Here we can see that KLF1 is highly specific to erythrocytes, reflecting its crucial role in terminal erythropoiesis progression. GATA1, NFE2 and GFI1B, which are key regulators of the megakaryocyte-erythroid lineage in hematopoiesis, are also highly expressed in megakaryocytes. TAL1 and LYL1 are expressed in multiple blood lineages as well as endothelial cells, exemplifying shared TFs in gene regulatory networks of distinct cell types. The global expression plots revealed that the embryonic hematoendothelial progenitor cells highly expressed TAL1, but not GATA1 which is considered as the master regulator for adult erythropoiesis, highlighting the essential role of TAL1 in the initiation of embryonic blood development.

We can also plot the mean expression of a group of genes with similar functions. For example, let’s plot the mean expression levels of all collagen genes.

[7]:
# Select genes of interest
selected_genes = ['COL4A3', 'COL1A2', 'COL4A1', 'COL6A5', 'COL2A1', 'COL4A2', 'COL4A4', 'COL6A2', 'COL6A6', 'COL1A1', 'COL6A3', 'COL9A2', 'COL6A1', 'COL4A6', 'COL9A1', 'COL4A5']
selected_adata = adata_ref[:, adata_ref.var.index.isin(selected_genes)].copy()
selected_adata.X = selected_adata.X.toarray()

# Scale the gene expressions
selected_adata.X = (selected_adata.X - selected_adata.X.mean(axis=0)[None, :]) / np.maximum(0.1, selected_adata.X.std(axis=0))[None, :]

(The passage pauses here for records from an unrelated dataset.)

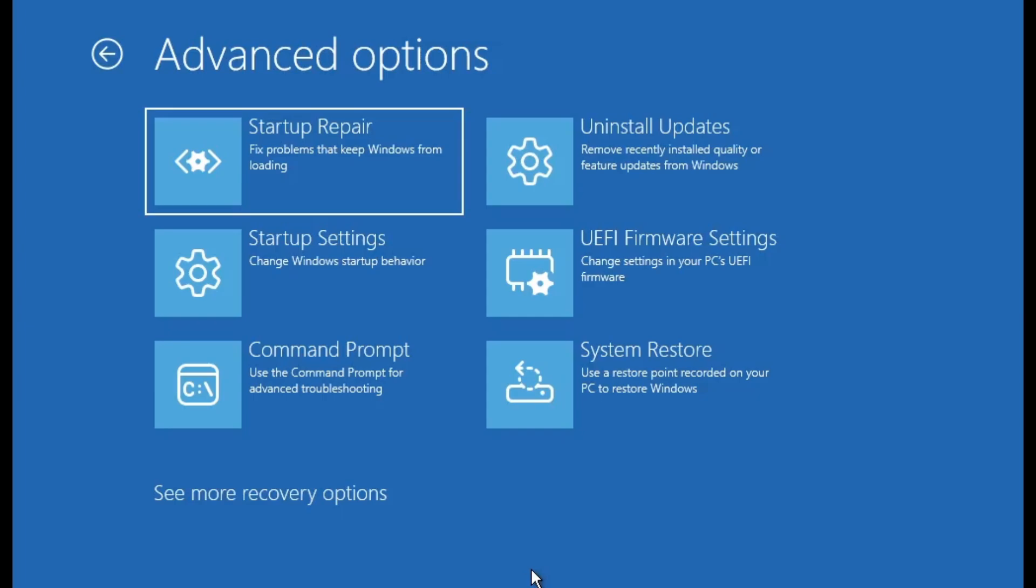And that's it for today's video. You've now learned how to enable and access the full set of advanced recovery options in Windows operating system. These tools can be a real lifesaver when your system runs into trouble, so it's always good to make sure they're available and working. If this video helped you out, be sure to give it a thumbs up, drop a comment if you have any questions, and don't forget to subscribe for more easy to follow tech tutorials. Thanks for watching and I'll catch you in the next one.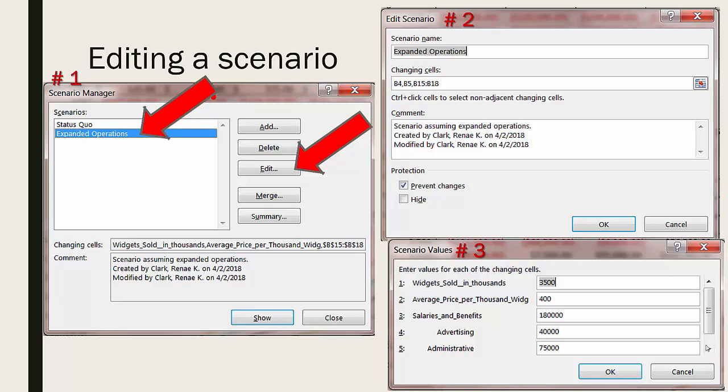Once you've changed the values that you needed to change here you're ready to click OK and you're done with your edit and then you can proceed to viewing the results of your edit.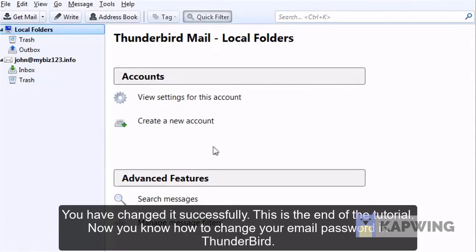This is the end of the tutorial. Now you know how to change your email password in Thunderbird.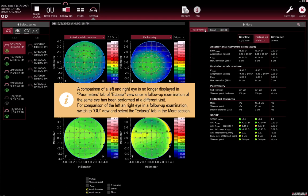A comparison of left and right eye is no longer displayed in the Parameters tab of the Ectasia view once a follow-up examination of the same eye has been performed at a different visit. For comparison of left and right eye in a follow-up examination, switch to the OU view and select the Ectasia tab in the More section.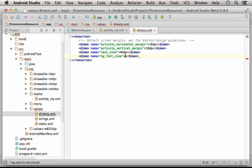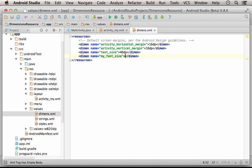And then I can specify the value, let's say 80 device independent pixels.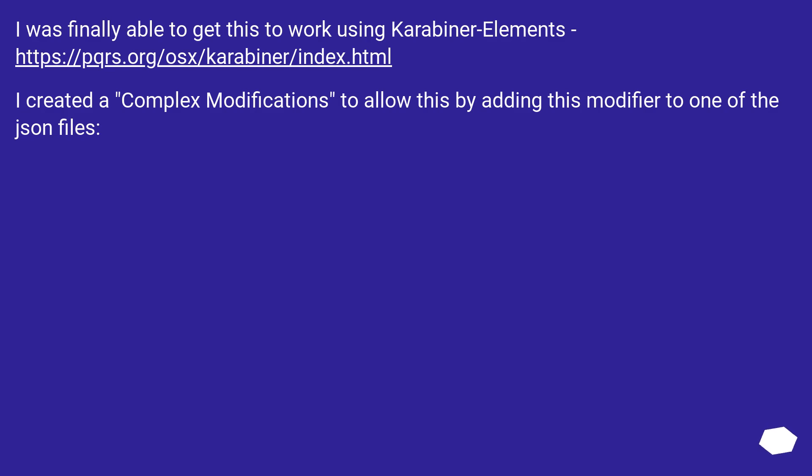I was finally able to get this to work using Karabiner-Elements, this URL. I created a complex modifications to allow this by adding this modifier to one of the JSON files.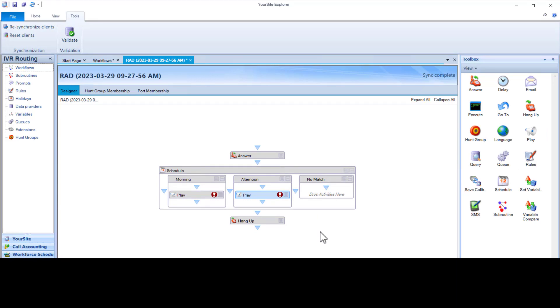RAD Workflow in YourSite Explorer allows for more customization than the PBX RADs can do. As an advanced solution utilizing MiTie and other built-in tools, we can do more than the PBX is allowed to do.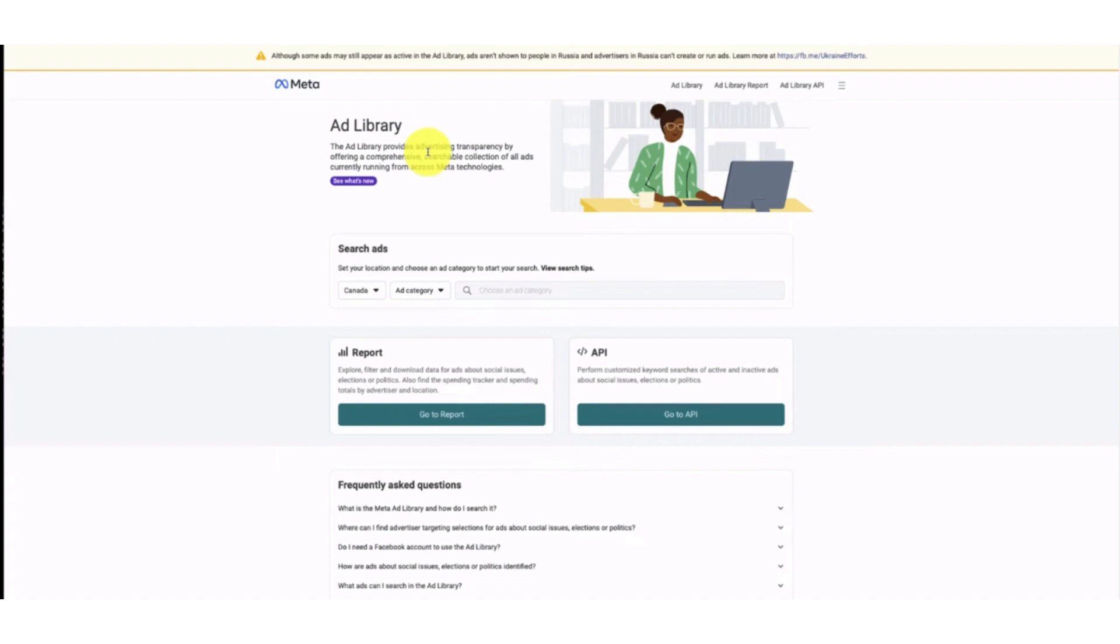By selecting the country, you can select the countries, you can select ad categories, and then search for any ad. It also gives you a report to explore and then to download data for ads about social issues, politics. Or also you can find the tracker and totals, what are the spending totals by advertisers. So that actually gives you an overall idea how much your competitor is spending, because how much they are spending must be related to how much they are earning.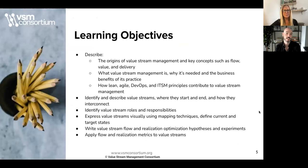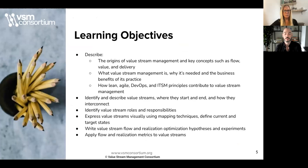Some of the learning objectives we're going to be delivering throughout the course include being able to describe the origins of value stream management and the key concepts such as flow, value, and delivery — what value stream management is, why it's needed, and the business benefits of the practice. We'll look at how lean, agile, DevOps, and ITSM practices and principles contribute to value stream management, and identifying and describing value streams — where they start and end, how they interconnect. We'll look at value stream roles and responsibilities, as well as expressing value streams visually using mapping techniques and defining current and target states.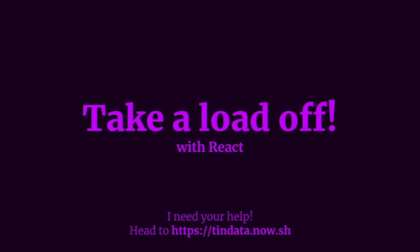Hello, React Conf. I'm glad to be speaking. I'm going to be talking about how you can live an easy dev life and take a load off with React.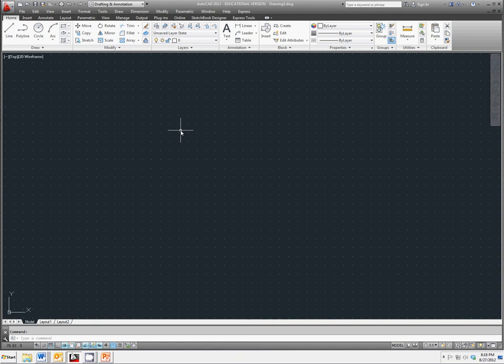LCS, or user coordinate system, UCS, which are measured relative to world coordinate system.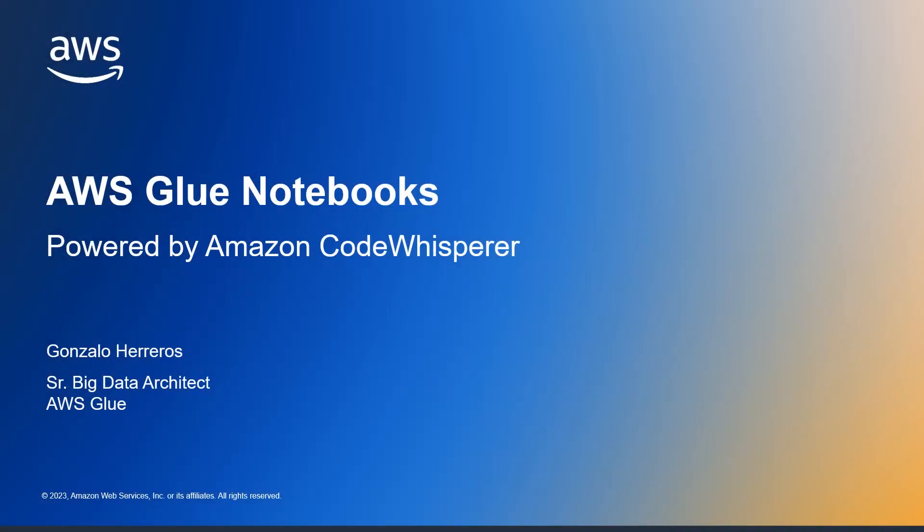Hi, this is Gonzalo from the AWS Glue team. Today I'm going to show you how Glue Notebooks leverage Code Whisperer in order to increase your development productivity.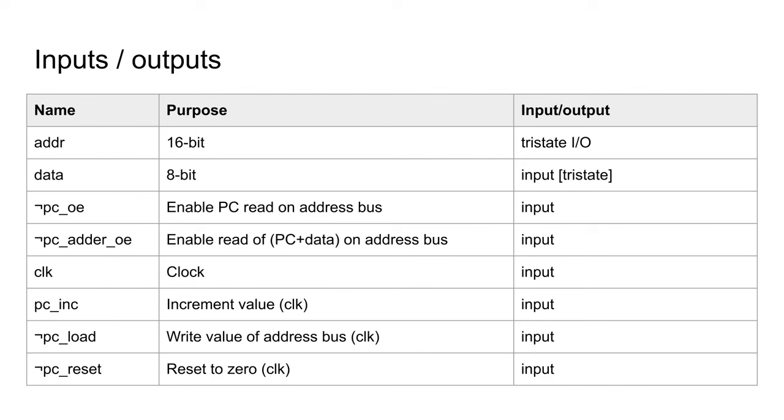This leads to the following inputs and outputs. A 16-bit address, an 8-bit data value, output enable to send the program counter to the address bus, output enable to send the sum of the program counter and a data value to the address bus, and a clock. The following three flags are triggered on the next rising clock edge: increment, write the value from address bus, and reset to zero.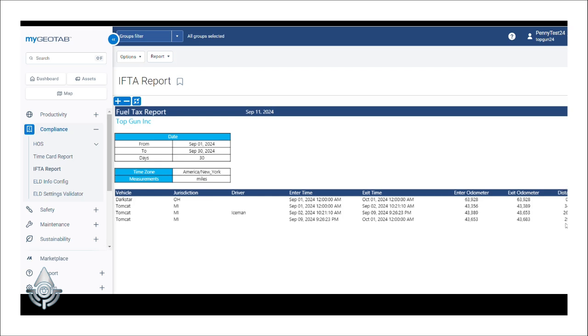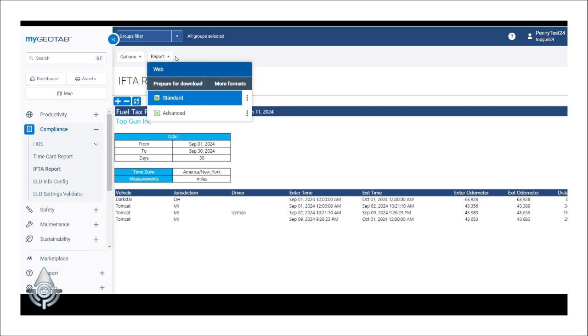Should you need to export the information in these files, you can do so by clicking the report button at the top of your screen, and then selecting either standard or advanced format for download.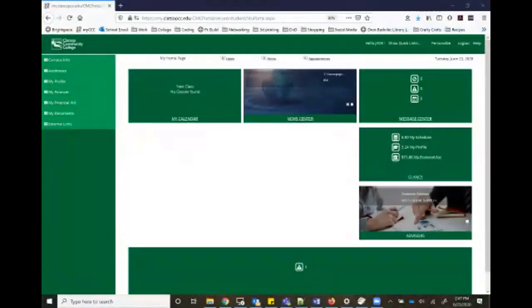Hey everyone, this video is to teach you how to register and drop classes in the new student portal. So let's go ahead and jump in.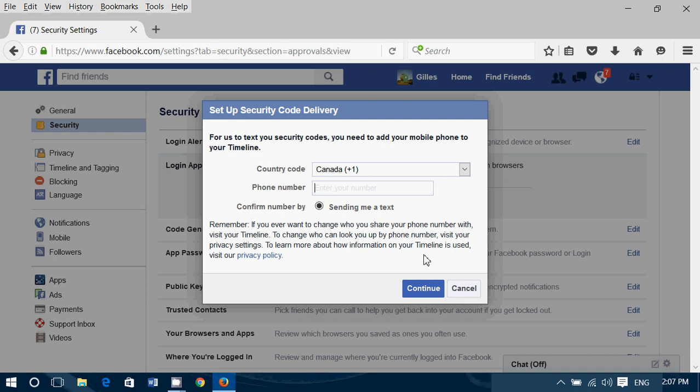Two ways of actually logging in. Through your Facebook app on your mobile device with the code generator, or through text messaging on your phone. And how this works is simply that every time somebody or you log in to your Facebook account using a different browser, a different computer, you will not be able to enter without that secret code. And this really gives you much more security.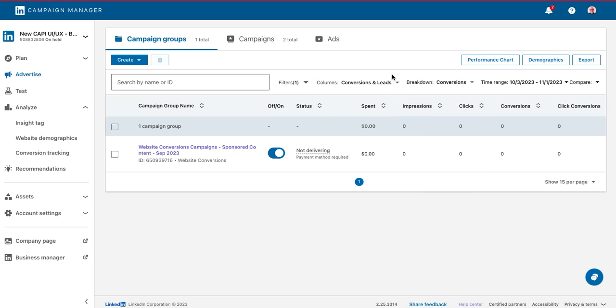And that's it. Now you're ready to begin using conversions API. For detailed instructions and more resources, be sure to check out the LinkedIn Help Center and LinkedIn API documentation. And thank you for your time today.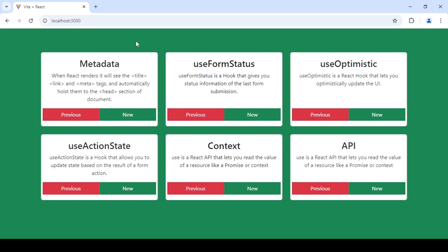Okay, so in today's tutorial I'm going to be going over the use hook, but this is going to be in the scope of the API. So how can we use the use hook to communicate with an API? Let's get started. So in React 19 you are going to be using the use hook.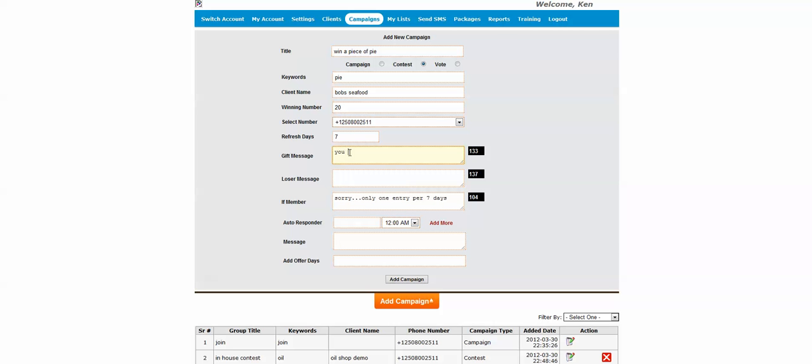And in here you can put in your winning message, and this could be you win, please show this message to your server to redeem your prize or collect your pie. And this one here could say sorry you didn't win, and we might put something in there like this: show this message to your server on your next visit to save 10% off your meal.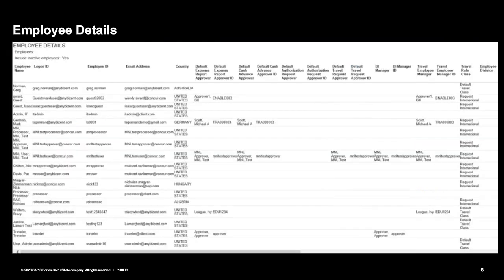Looking at the details of the Employee Details Report, you'll see the employee name, employee ID, email address, and country associated with their profile. You'll also see information for their default expense approver and, to the right, their BI manager. You can also see any custom fields associated within their profile. We encourage you to run this report on a consistent basis to keep updated with changes.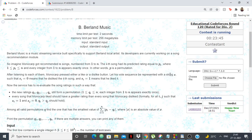Hello everyone. In this video we're going to see how to solve problem B, Berlin music of round 120 division 2. The problem is we have n songs numbered from 1 to n. The i-th song has a predicted rating P[i], and P is a permutation from 1 to n. For each i we also have S[i], which is either 0 meaning the song is disliked, or 1 meaning the song is liked.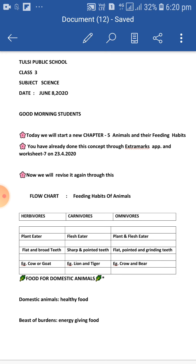Beasts of burden. Animals like elephant, camel, and donkey carry load for us — they are called beasts of burden. We should give them energy-giving food, because they need a lot of energy to do their work.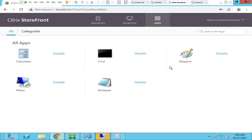This is what I wanted to show in this video. I published a couple of applications and the user could see and launch them successfully. I hope you find this information helpful — if you like it please like and subscribe to the channel, thank you for watching.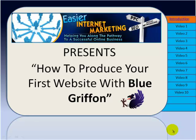Hello and welcome to this video series, How To Produce Your First Website With Blue Griffin, presented by Easier Internet Marketing.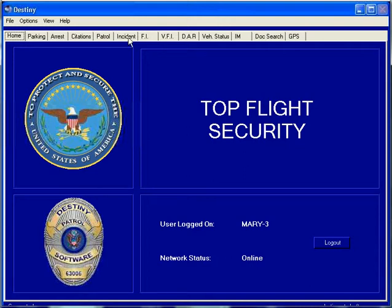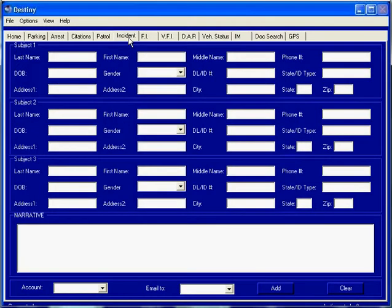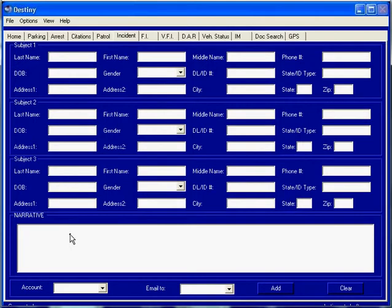Creating an incident report. To create an incident report, you fill out all of the information per subject. You can have up to three subjects on an incident report, and you write down in the narrative what exactly happened in the incident that you're reporting.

# Plot the mean expression of the selected genes
selected_adata.obs['mean_z'] = selected_adata.X.mean(axis=1)
sc.pl.umap(selected_adata, color=['mean_z'], vmax=2, cmap='cool')
/home/xingjie/.local/lib/python3.10/site-packages/anndata/_core/anndata.py:121: ImplicitModificationWarning: Transforming to str index.
  warnings.warn("Transforming to str index.", ImplicitModificationWarning)
../_images/tutorials_visualize_the_global_cell_state_manifold_15_1.png

We can see that the mesenchymal cells are the main producers of collagen.